The physician Hippocrates is credited with the saying, “Desperate times call for desperate measures.” It’s amazing what resources we can find within us when the need arises. Resources, often, that we never dreamed we had.
The Gulf War broke out when I was a young mother in Eretz Yisroel. I remember writing in my journal, “I always wondered how I’d measure up if I ever had to live through a war.” As a child, the word “war” had been synonymous with the Holocaust. My mother was a little girl in Lezhensk when “the war” broke out. Almost immediately, her family along with the rest of the town’s Jewish population were banished across the border into Russia. But the story didn’t end there. They may have escaped the gas chambers, but living as refugees in that Communist paradise was no picnic.
Growing up on stories of my grandmother’s courage and resourcefulness in keeping her family fed and warm in wartime behind the Iron Curtain, culminating in the almost unbelievable tale of how, with Hashem’s help, she managed the unheard-of feat of getting my grandfather released from a Soviet prison, I was in awe. I also felt myself lacking. Faced with such life-and-death exigencies, how would I have measured up?
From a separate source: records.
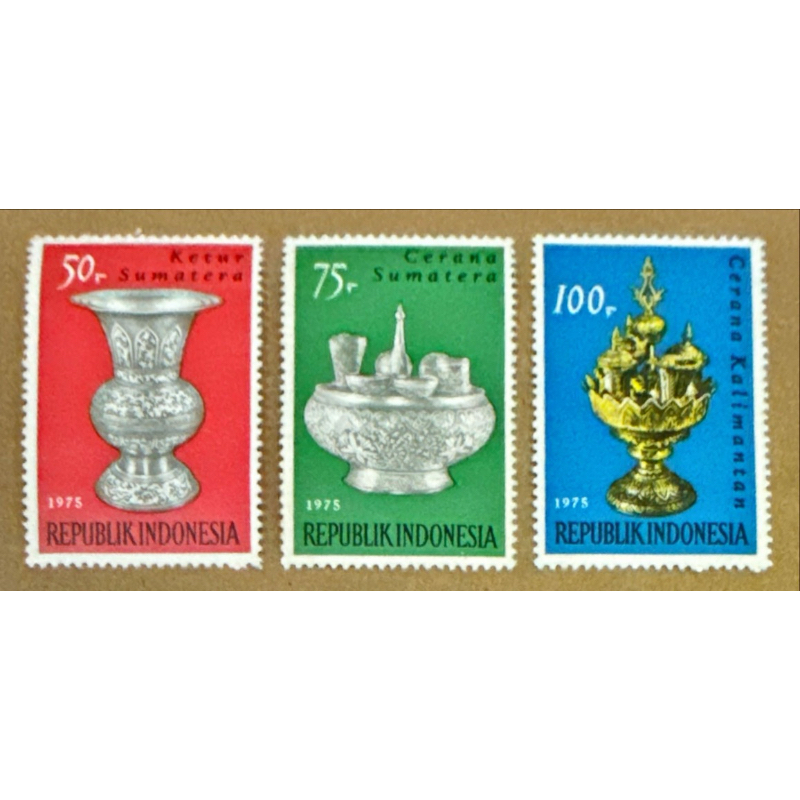 

(BA) PRANGKO INDONESIA 1975 KEBUDAYAAN INDONESIA 3V SERIES MNH.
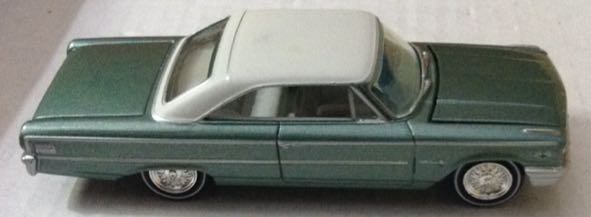 Ford Galaxie 1963 Verde Agua - Johnny Lightning toy car collectible - Main Image 2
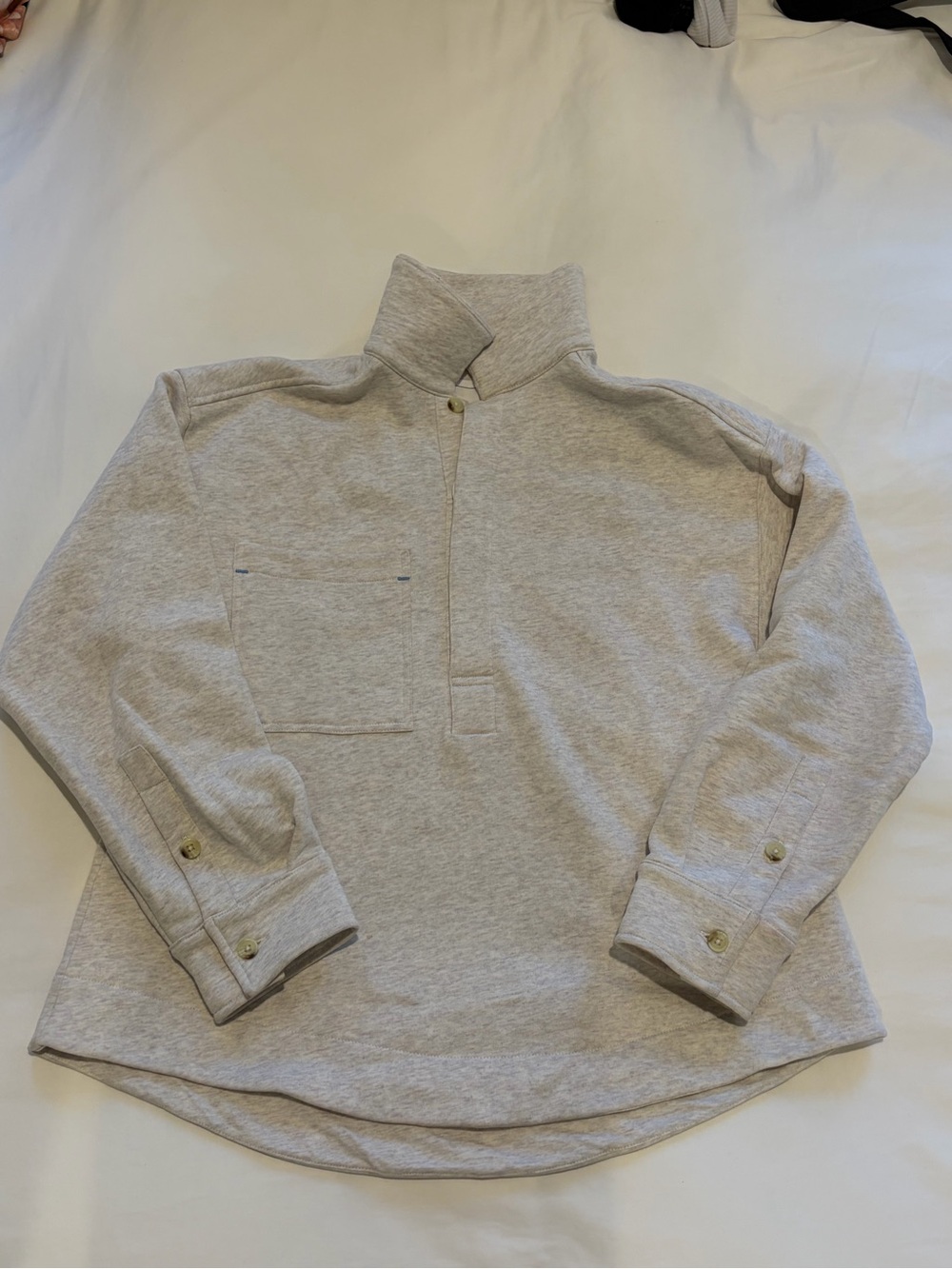 Alice Walk Cozy Sweatshirt - Perfect condition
I’d reckoned without the stuff that comes pouring out of us in a crisis. The desperate measures that feel almost natural at desperate times.
It seems to me that it’s useless trying to predict what you’d do in a crisis, because the mere fact of being in a crisis can precipitate the most unusual behavior. Behavior which is so unlike the person you think of as “you” that you’d have scoffed at the scenario had anyone else suggested it.
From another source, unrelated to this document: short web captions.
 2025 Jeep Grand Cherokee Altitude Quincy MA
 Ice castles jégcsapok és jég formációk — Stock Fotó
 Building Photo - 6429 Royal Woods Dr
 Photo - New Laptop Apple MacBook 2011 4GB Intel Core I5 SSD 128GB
In ordinary times, we tap into just the amount of inner fortitude and courage that our daily lives call for. Let danger or some other pressing need arise, however, and suddenly you’re rising above yourself. In the examples I cited above, a person can find themselves demonstrating extraordinary physical strength, bravery, and stamina. But unexpected strength and courage can take other forms, too.
The Perfect Response
I’ve always loved stories where a great person comes up with just the right thing to say or do in a crisis. The gadol who’s begged by a distraught parent to talk to a teenager on his way off the derech or young woman on the point of becoming engaged to a non-Jew. A “chance” encounter with a disaffected Yid who is about to base his entire opinion of Jewry on how you talk to him. You read with bated breath as the gadol produces the words to bring a recalcitrant heart back home, or the kiruv expert who, against all odds, touches a chord and forges a bond that makes all the difference.
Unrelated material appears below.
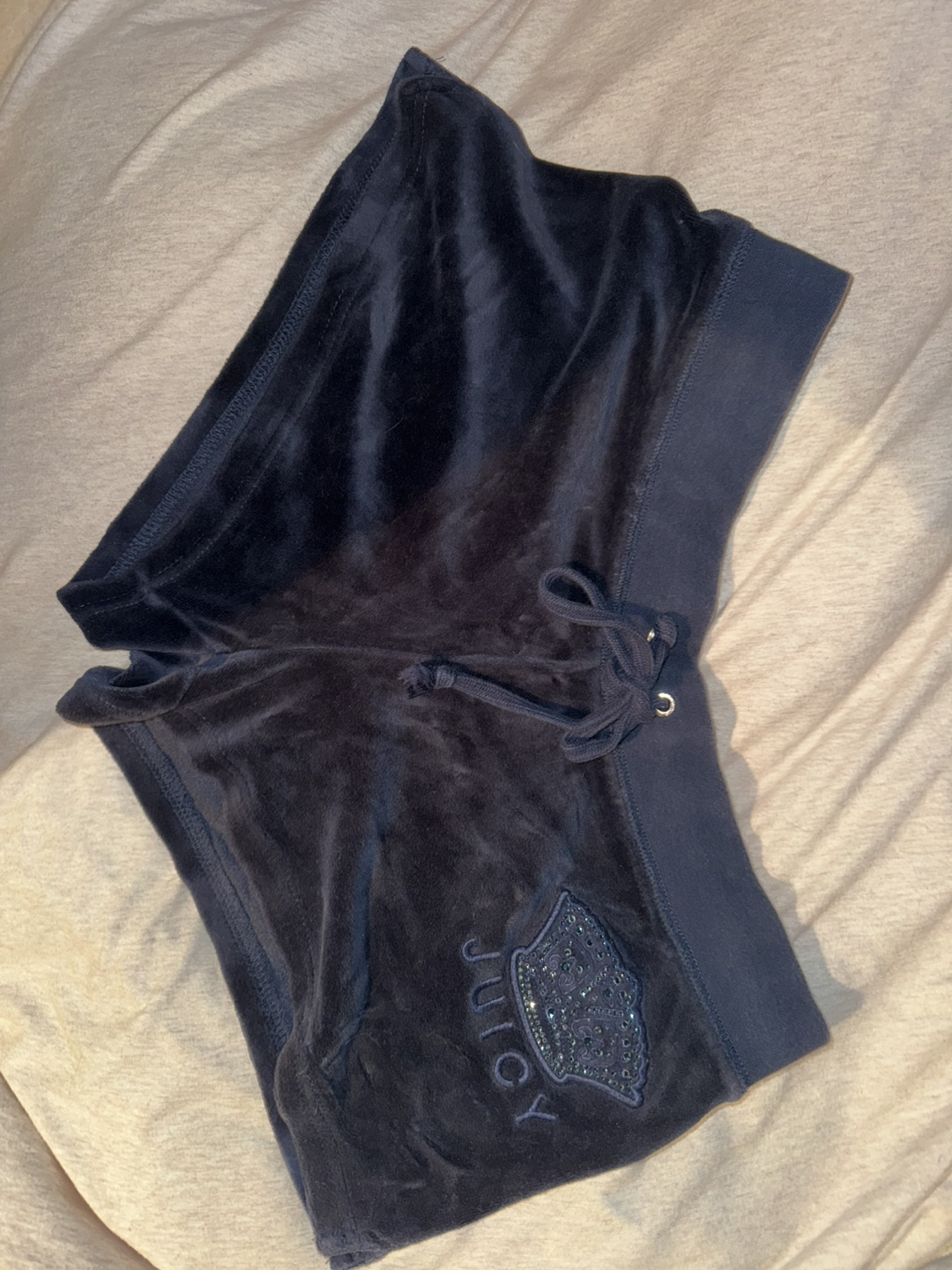 Juicy Couture Blue Velour Shorts - photo 3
For people who hold leadership positions, such as shul rabbis, school principals, kiruv organizers and the like, individuals in crisis mode cross their paths with disheartening frequency. Heartbreaking situations and dire dilemmas are regularly presented to them for solutions. Sometimes, those solutions can take a very personal turn, such as when Rebbetzin Esther Jungreis, flew to California on erev Pesach to reach out to a Jewish girl in crisis. Desperate times, desperate measures.
Mistaken Identity
In a physical emergency, adrenalin provides the sometimes incredible power and resilience that we need to see us through. This is not something you can prepare for. Your body just recognizes a crisis, and acts.
When it comes to finding the necessary strength and wisdom to cope with a non-physical crisis, the opposite is true. Here, preparation is paramount.
The time to prepare for the hard times in life is when things are relatively calm. During the quiet times, we can and must lay the groundwork of personal bitachon and steadfastness. A person who lets every passing problem blow her off course will presumably not handle a real crisis very well. Only by cultivating a deep sense of trust in Hashem, a Rock of Gibraltar-style stoicism, and an inner wellspring of strength that does not dry up at the slightest wind, can we hope to successfully ride out the storm.
Emotional stability is vital. Especially when it comes to recognizing what is a genuine crisis and what is only the illusion of one. The illusionary crisis tempts us to pull out all the stops needlessly, or even harmfully. Here’s an example.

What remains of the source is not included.